[PROBLEM]: Below is a listing to repeat exactly, with its pictures left out.
--- STUDY MATERIAL ---
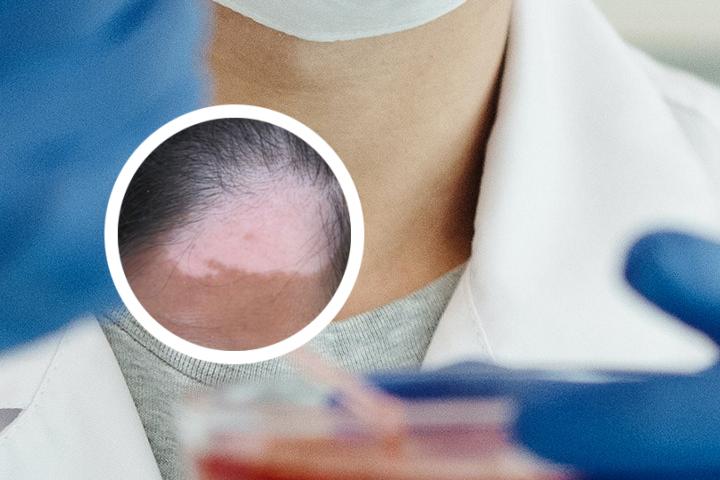 白癜风患者使用的化妆品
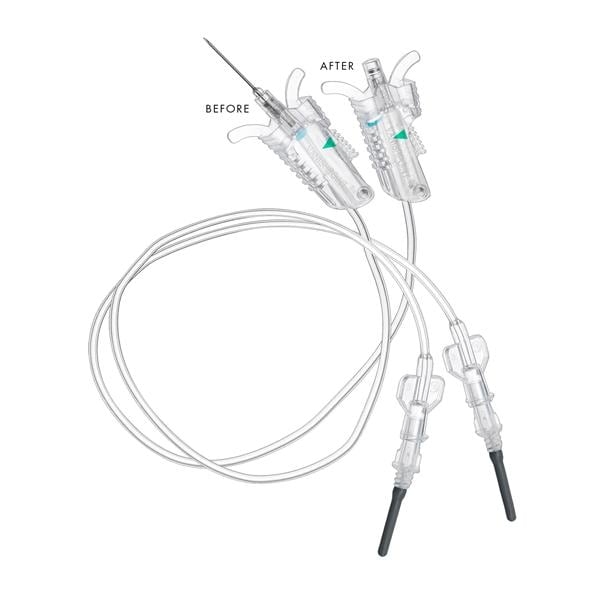 VanishPoint Blood Collection Set 21gx3/4" Dark Green Safety 12" Tubing 50/Bx, 4 BX/CA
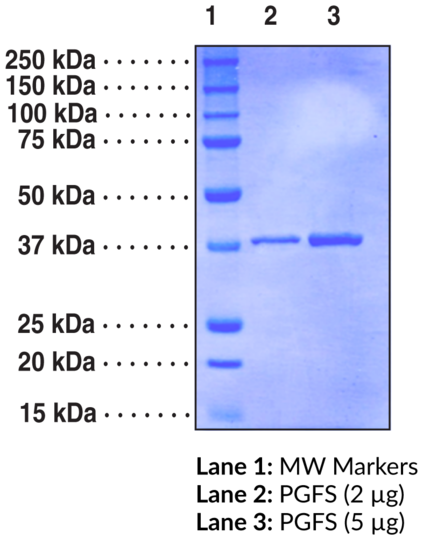 Prostaglandin F Synthase (human, recombinant)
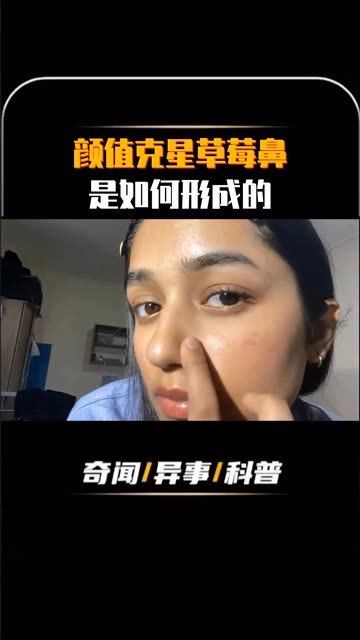 鼻子草莓鼻如何治疗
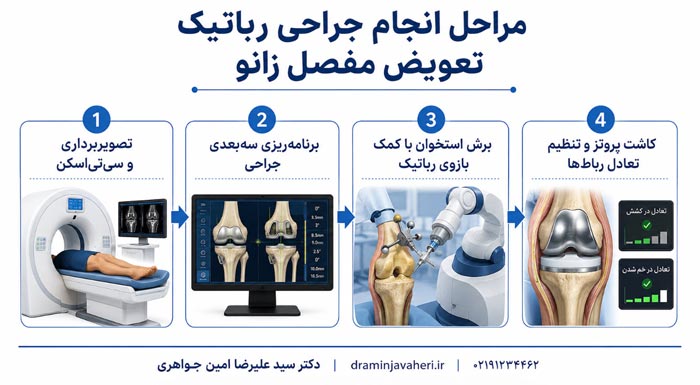 مراحل انجام جراحی رباتیک تعویض مفصل زانو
---
[REPLY]:
 白癜风患者使用的化妆品
 VanishPoint Blood Collection Set 21gx3/4" Dark Green Safety 12" Tubing 50/Bx, 4 BX/CA
 Prostaglandin F Synthase (human, recombinant)
 鼻子草莓鼻如何治疗
 مراحل انجام جراحی رباتیک تعویض مفصل زانو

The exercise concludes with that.